Raw data
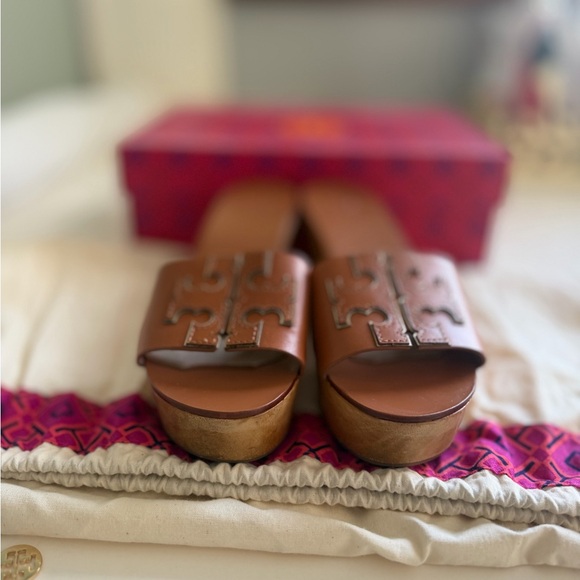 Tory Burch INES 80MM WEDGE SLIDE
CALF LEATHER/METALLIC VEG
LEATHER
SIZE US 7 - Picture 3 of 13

==

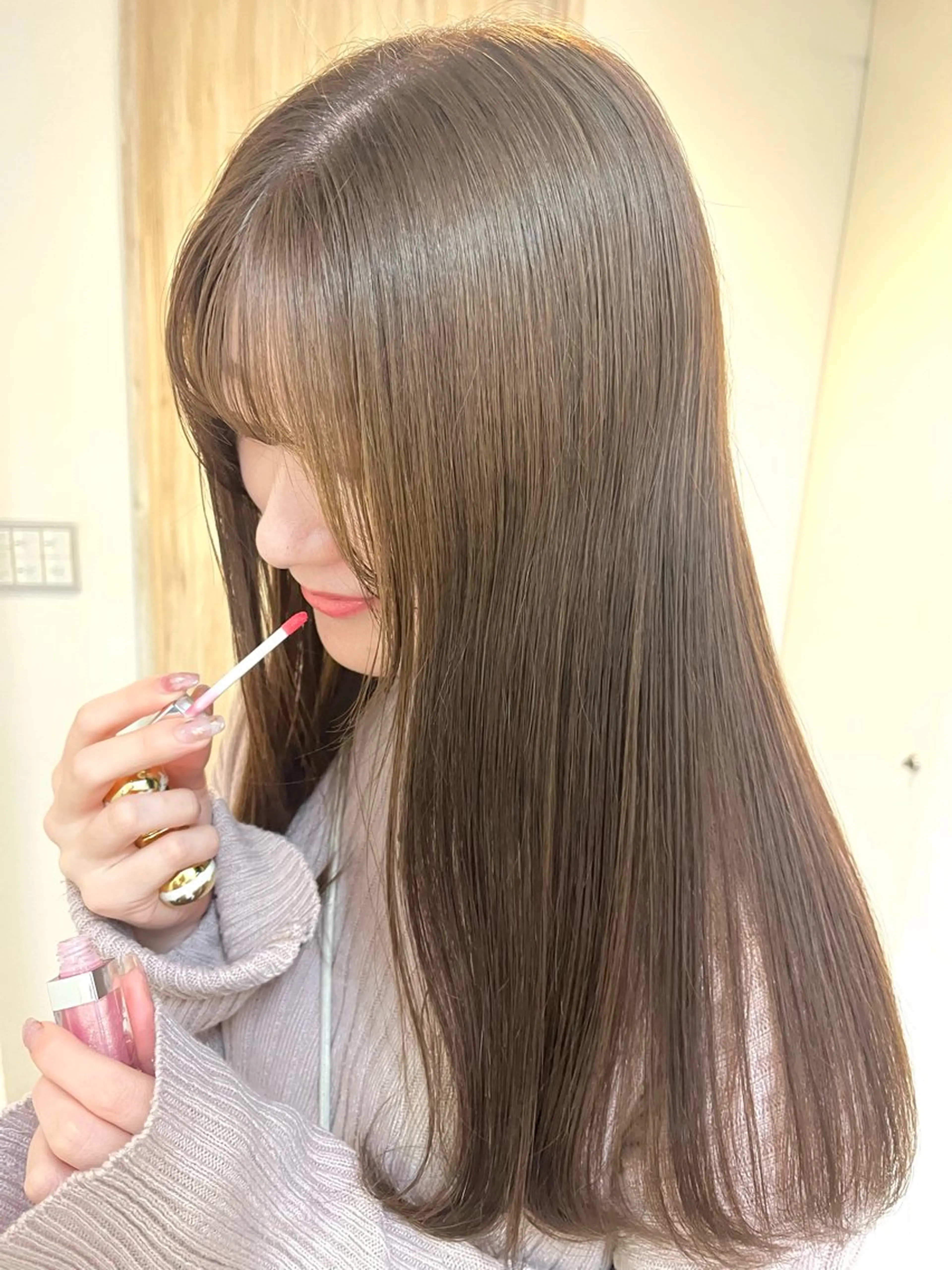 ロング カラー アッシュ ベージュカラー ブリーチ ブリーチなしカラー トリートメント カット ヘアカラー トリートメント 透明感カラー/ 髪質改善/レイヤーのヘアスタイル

--

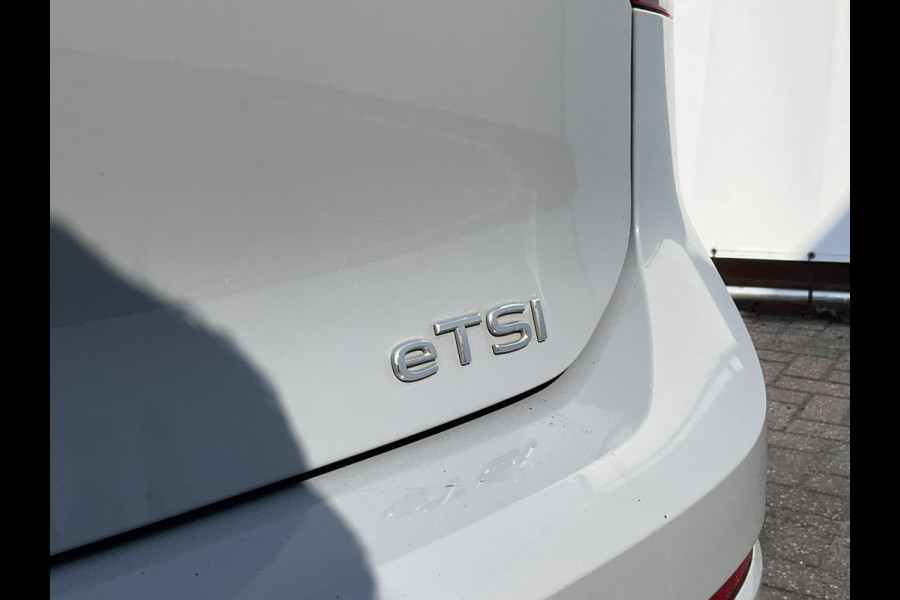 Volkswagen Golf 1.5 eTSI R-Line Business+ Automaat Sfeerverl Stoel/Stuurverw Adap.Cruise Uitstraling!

Problem details
Look above for the line that contains "CALF LEATHER/METALLIC VEG". Starting there, transcribe every line exactly until you have copied the line that contains "SIZE US 7 - Picture 3 of 13".

Solution for this problem
CALF LEATHER/METALLIC VEG
LEATHER
SIZE US 7 - Picture 3 of 13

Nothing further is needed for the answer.